One of the best television series I’ve watched in the recent past was The Good Wife. The show embraced the all too familiar wife of a politician caught in a sex-scandal a la President Clinton, Eliot Spitzer, and Jim McGreevey. When the creators of The Good Wife moved on to create BrainDead, a science fiction political satire series, I felt compelled to watch the first episode. Now, I’ve completed watching the 10th. The show’s protagonist suspects that Capitol Hill politicians and staffers have been infected by brain-eating bugs, leading to extreme political views, legislative gridlock, and politicians who no longer work for the people.
This week, I was taken aback to learn that both the House of Representatives and the Senate overwhelmingly voted in favor of S. 2040, Justice Against Sponsors of Terrorism Act, overriding President Obama’s veto of the bill. Some may be more familiar with S. 2040 as the bill that would allow the families of 9/11 victims to sue the Kingdom of Saudi Arabia for involvement of the attacks.
Upon his veto of the bill, President Obama sent the Senate a written explanation for his veto, writing, in part,
JASTA departs from longstanding standards and practice under our Foreign Sovereign Immunities Act and threatens to strip all foreign governments of immunity from judicial process in the United States based solely upon allegations by private litigants that a foreign government’s overseas conduct had some role or connection to a group or person that carried out a terrorist attack inside the United States. This would invite consequential decisions to be made based upon incomplete information and risk having different courts reaching different conclusions about the culpability of individual foreign governments and their role in terrorist activities directed against the United States — which is neither an effective nor a coordinated way for us to respond to indications that a foreign government might have been behind a terrorist attack.
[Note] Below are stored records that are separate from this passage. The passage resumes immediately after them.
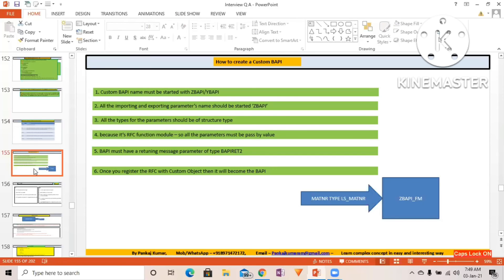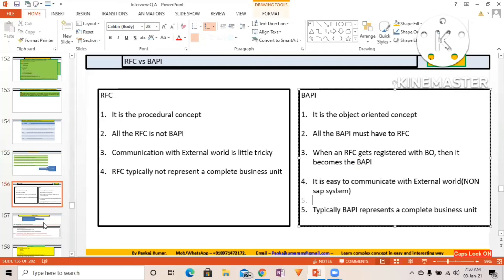RFC does not necessarily represent complete business functionality. For BAPI it is necessary, because you register it with a business object — otherwise simply creating it won't make sense. BAPI represents complete business functionality whereas RFC or a normal FM generally does not. Another very important point: RFC is a procedural programming concept, whereas BAPI is an object-oriented programming concept. Remember these points — this is a very important interview question.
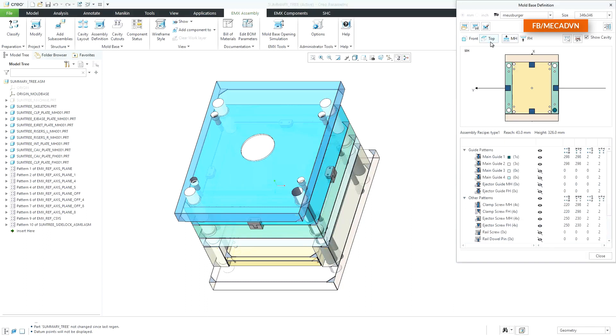By switching to the top view of the mold base, the summary tree will change its content. The tree shows now an overview about all mold base patterns. The visibility state, the major dimensions, and the number of instances are displayed in the tree table.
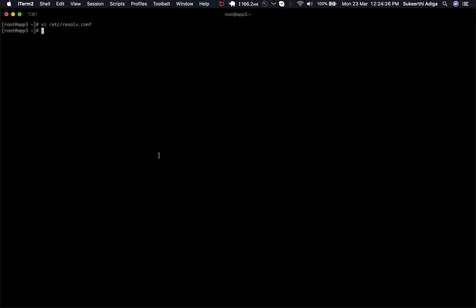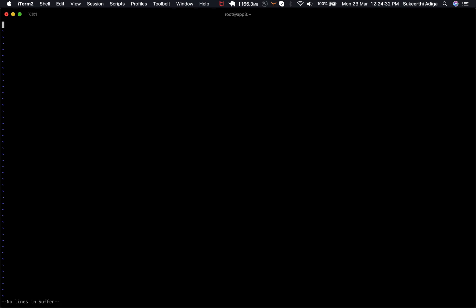The issue here what we are actually fixing is, for example, if we have the resolve.conf something like this and I'm going to edit this one with the nameserver 8.8.8.8 and I have put the two nameservers here.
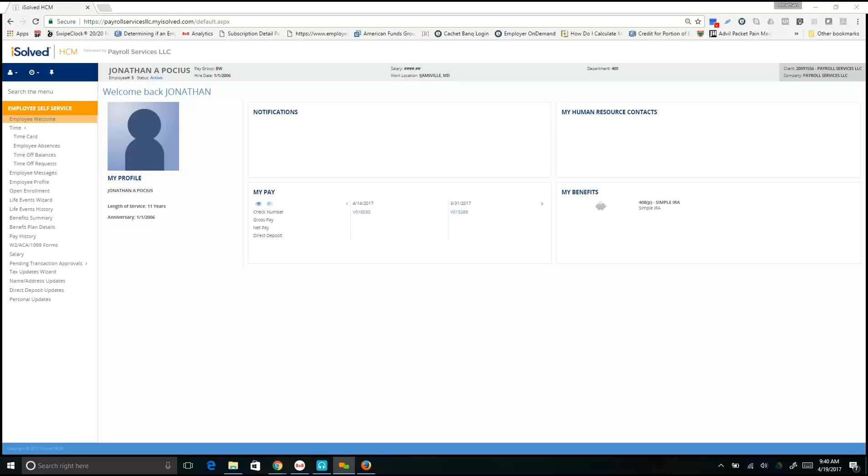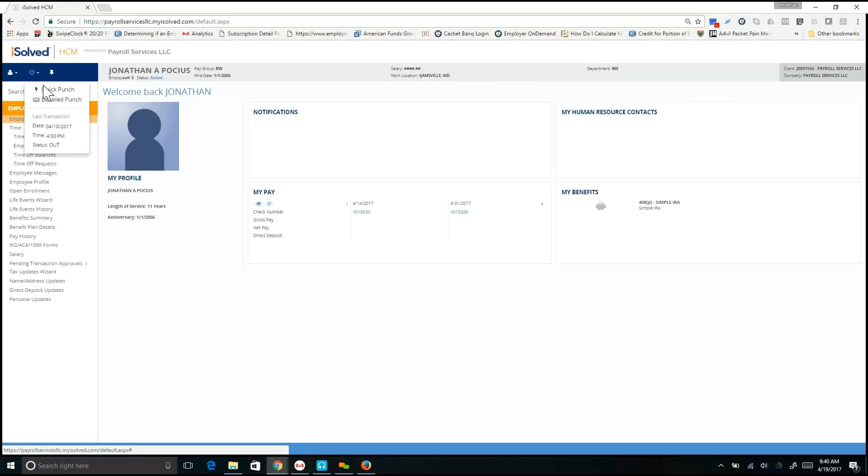To use the Detailed Punch, begin by logging into your employee self-service portal. From the blue ribbon bar, select the clock icon at the top and select Detailed Punch.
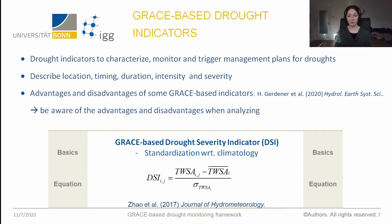We conducted a study comparing different percentile-based indicators because each of them has advantages and disadvantages that you should be aware of when analyzing drought. One example is the Drought Severity Index, the DSI from Zhao et al., and with this indicator we now show you some results.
Second, JASTA would upset longstanding international principles regarding sovereign immunity, putting in place rules that, if applied globally, could have serious implications for U.S. national interests. The United States has a larger international presence, by far, than any other country, and sovereign immunity principles protect our Nation and its Armed Forces, officials, and assistance professionals, from foreign court proceedings. These principles also protect U.S. Government assets from attempted seizure by private litigants abroad. Removing sovereign immunity in U.S. courts from foreign governments that are not designated as state sponsors of terrorism, based solely on allegations that such foreign governments’ actions abroad had a connection to terrorism-related injuries on U.S. soil, threatens to undermine these longstanding principles that protect the United States, our forces, and our personnel.
Clearly, there are troubling aspects about the potential consequences of S. 2040 and President Obama was not the only world leader concerned with such ramifications. Apparently, while the world watched the status of S. 2040, U.S. legislators in both the House and Senate, knew little about the bill they voted for–twice.
Post Wednesday’s vote to override the President’s veto, the backtracking began.
Senate Majority Leader Mitch McConnell on Thursday condemned Congress’ decision to override President Barack Obama’s veto of a bill that will allow 9/11 victims’ families to sue Saudi Arabia for any role it may have played in the attacks.
He pinned much of the blame for the override on Obama himself, however, saying that the White House was too slow to warn about the “potential consequences” of the Justice Against Sponsors of Terrorism Act, known as the 9/11 victims bill.
“Everybody was aware of who the potential beneficiaries were, but nobody really had focused on the downside in terms of our international relationships,” McConnell said, claiming that the White House failed to “communicate early about the potential consequences of a piece of legislation that was obviously very popular.”
It appears that Senator McConnell has not routinely been reading, analyzing, or considering bills voted on by the Senate. Worse, it seems as if legislation is being passed based on sound bites, lobbying efforts, and popularity.
The good news? It’s an election year.